• _Provided data_:
==================================================
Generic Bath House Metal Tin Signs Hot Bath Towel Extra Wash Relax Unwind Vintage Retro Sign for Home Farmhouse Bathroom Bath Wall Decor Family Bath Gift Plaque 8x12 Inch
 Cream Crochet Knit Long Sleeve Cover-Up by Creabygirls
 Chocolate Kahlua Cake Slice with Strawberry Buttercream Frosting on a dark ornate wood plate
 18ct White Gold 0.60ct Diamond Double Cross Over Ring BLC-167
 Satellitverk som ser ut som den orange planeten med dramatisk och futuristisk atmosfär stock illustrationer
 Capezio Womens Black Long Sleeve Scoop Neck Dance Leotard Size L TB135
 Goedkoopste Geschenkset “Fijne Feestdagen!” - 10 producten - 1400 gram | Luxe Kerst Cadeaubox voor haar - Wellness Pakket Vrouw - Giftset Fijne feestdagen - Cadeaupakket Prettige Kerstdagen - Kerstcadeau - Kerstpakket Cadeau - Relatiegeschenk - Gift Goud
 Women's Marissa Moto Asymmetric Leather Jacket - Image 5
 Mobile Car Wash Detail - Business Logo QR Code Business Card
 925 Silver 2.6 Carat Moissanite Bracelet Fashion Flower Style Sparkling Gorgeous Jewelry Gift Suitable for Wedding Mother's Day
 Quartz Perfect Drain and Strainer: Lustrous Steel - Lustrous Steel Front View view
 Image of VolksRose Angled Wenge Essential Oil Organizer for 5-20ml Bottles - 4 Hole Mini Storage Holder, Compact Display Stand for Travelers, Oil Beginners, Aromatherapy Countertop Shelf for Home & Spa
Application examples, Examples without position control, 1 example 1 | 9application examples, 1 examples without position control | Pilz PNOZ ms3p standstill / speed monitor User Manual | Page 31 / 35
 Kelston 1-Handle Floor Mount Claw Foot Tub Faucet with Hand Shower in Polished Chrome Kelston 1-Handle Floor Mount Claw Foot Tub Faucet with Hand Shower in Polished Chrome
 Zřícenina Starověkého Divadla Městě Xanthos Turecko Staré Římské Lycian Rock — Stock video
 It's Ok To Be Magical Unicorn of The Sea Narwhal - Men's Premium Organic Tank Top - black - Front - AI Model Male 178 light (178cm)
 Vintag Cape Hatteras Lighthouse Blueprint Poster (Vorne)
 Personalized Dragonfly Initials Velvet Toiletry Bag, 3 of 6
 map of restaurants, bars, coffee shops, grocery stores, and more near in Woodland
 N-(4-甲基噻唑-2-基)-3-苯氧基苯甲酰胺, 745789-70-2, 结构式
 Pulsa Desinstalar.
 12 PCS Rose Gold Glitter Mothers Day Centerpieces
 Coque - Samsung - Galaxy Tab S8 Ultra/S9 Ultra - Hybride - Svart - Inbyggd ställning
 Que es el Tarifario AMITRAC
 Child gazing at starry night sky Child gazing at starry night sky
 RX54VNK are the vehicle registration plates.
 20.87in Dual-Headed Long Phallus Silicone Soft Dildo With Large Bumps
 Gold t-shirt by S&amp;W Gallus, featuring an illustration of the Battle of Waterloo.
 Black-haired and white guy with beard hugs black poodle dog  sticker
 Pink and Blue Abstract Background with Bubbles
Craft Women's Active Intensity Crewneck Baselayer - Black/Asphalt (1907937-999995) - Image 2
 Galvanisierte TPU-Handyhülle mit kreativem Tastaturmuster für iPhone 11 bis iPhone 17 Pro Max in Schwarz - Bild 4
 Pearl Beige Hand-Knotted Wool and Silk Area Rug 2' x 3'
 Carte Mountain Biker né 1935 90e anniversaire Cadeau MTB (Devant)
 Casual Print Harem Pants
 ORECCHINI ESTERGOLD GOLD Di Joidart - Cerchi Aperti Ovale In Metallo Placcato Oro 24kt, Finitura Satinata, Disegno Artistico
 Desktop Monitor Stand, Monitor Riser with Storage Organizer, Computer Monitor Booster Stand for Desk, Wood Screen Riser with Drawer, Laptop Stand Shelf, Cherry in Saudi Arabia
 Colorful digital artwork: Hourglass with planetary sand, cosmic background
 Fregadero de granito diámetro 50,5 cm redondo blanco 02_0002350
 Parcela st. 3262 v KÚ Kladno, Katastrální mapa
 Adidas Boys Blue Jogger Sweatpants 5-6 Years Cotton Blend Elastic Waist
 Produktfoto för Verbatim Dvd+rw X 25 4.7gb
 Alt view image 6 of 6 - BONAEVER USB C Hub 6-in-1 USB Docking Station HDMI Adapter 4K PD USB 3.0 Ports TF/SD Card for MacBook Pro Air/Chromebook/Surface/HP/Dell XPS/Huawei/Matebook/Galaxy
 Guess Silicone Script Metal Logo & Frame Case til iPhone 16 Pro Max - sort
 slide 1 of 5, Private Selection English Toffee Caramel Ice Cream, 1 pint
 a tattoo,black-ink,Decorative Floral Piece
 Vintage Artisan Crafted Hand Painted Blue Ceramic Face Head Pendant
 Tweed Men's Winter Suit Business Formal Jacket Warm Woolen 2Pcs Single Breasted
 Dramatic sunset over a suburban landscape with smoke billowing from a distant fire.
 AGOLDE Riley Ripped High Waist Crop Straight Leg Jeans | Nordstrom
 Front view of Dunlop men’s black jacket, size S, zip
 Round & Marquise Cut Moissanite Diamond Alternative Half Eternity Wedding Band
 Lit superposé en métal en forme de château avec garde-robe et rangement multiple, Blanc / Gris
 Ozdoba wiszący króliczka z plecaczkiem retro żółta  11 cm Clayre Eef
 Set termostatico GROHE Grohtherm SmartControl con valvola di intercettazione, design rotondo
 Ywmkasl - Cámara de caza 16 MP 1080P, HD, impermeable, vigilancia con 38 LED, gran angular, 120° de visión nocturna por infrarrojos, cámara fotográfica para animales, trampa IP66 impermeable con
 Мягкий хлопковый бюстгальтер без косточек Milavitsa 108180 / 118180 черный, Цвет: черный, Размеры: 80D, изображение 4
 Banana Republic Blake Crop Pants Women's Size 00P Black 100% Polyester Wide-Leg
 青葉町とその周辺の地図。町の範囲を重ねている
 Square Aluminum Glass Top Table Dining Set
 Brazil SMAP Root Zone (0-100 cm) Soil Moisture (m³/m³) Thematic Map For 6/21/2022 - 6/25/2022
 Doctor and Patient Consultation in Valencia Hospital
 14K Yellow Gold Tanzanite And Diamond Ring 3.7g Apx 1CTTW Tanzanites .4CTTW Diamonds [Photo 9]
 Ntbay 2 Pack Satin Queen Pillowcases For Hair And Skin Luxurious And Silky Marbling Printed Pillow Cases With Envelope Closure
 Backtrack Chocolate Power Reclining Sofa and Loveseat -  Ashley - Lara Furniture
==================================================
• _Work order_: Search the listing above for the lines with "Que es el Tarifario AMITRAC" and "Parcela st. 3262", then output those lines and all lines between them exactly.

• _Answer box_:
 Que es el Tarifario AMITRAC
 Child gazing at starry night sky Child gazing at starry night sky
 RX54VNK are the vehicle registration plates.
 20.87in Dual-Headed Long Phallus Silicone Soft Dildo With Large Bumps
 Gold t-shirt by S&amp;W Gallus, featuring an illustration of the Battle of Waterloo.
 Black-haired and white guy with beard hugs black poodle dog  sticker
 Pink and Blue Abstract Background with Bubbles
Craft Women's Active Intensity Crewneck Baselayer - Black/Asphalt (1907937-999995) - Image 2
 Galvanisierte TPU-Handyhülle mit kreativem Tastaturmuster für iPhone 11 bis iPhone 17 Pro Max in Schwarz - Bild 4
 Pearl Beige Hand-Knotted Wool and Silk Area Rug 2' x 3'
 Carte Mountain Biker né 1935 90e anniversaire Cadeau MTB (Devant)
 Casual Print Harem Pants
 ORECCHINI ESTERGOLD GOLD Di Joidart - Cerchi Aperti Ovale In Metallo Placcato Oro 24kt, Finitura Satinata, Disegno Artistico
 Desktop Monitor Stand, Monitor Riser with Storage Organizer, Computer Monitor Booster Stand for Desk, Wood Screen Riser with Drawer, Laptop Stand Shelf, Cherry in Saudi Arabia
 Colorful digital artwork: Hourglass with planetary sand, cosmic background
 Fregadero de granito diámetro 50,5 cm redondo blanco 02_0002350
 Parcela st. 3262 v KÚ Kladno, Katastrální mapa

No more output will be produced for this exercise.